For the moment, Steel is focused on the quieter pastures of rural education, fronting a press conference in mid-July. He complained that children know more about global warming than they do about how their food is produced. This raised a hoot from John Vidal in the Guardian's Eco-Soundings column. Surely some mistake, Sir David, your advisers will soon tell you: "the less children know about BSE, Farmer's Lung, sheep dip poisoning, battery farming, veal calf-rearing, pesticide spraying and so on, the better."

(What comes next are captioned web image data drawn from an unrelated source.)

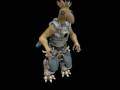 videos de Spore Halo Jackal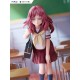 The Girl I Like Forgot Her Glasses Estatua PVC Tenitol Ai Mie 19 cm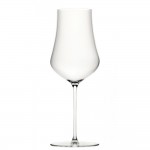 Utopia Umana Young White / Rose Wine Glass, 520ml /  52cl - Sold per piece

In fact, Steel is wearing his networking hat, promoting some of the existing rural education projects. The NFU's National Association of Farms for Schools initiative was launched in March 1995 to present the acceptable face of farming. Country Life magazine helpfully explained that this targeted those farms which had taken a more benevolent approach by developing quality and animal welfare. "A special benefit of these farms is that they are interesting....They are attractive to visiting schoolchildren who learn....that conditions do not always correspond with the vegetari an rhetoric." The Suffolk Farm Project leaflet comes complete with photographs of children cuddling piglet, duckling and well-feathered hen.

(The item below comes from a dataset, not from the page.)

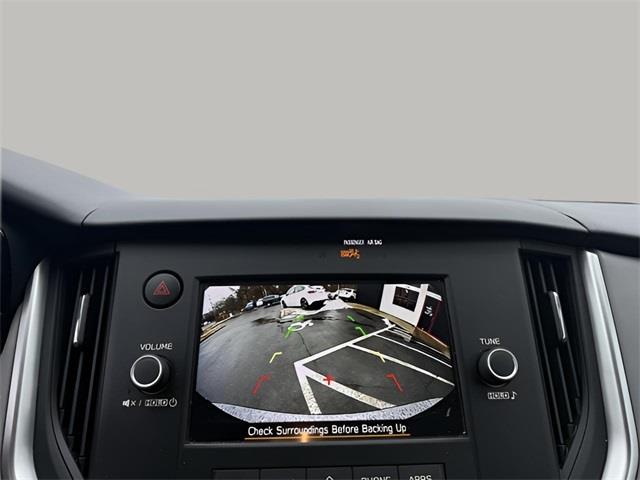 2020 Subaru Legacy Base, available for sale in Stratford, Connecticut | Wiz Leasing Inc. Stratford, Connecticut 2020 Subaru Legacy Base, available for sale in Stratford, Connecticut | Wiz Leasing Inc. Stratford, Connecticut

Make no mistake, there is real anguish in the shires. The rolling effects of BSE are compounded by fears of firearm control following Dunblane, and there is hardship as many go to the wall. The result should be a more honest public debate about the state of the countryside. What is certain is that the Countryside Movement did not move effortlessly into the position of leadership it has initially hoped. The fences are high and the lines are drawn in what has been dubbed the rural civil war.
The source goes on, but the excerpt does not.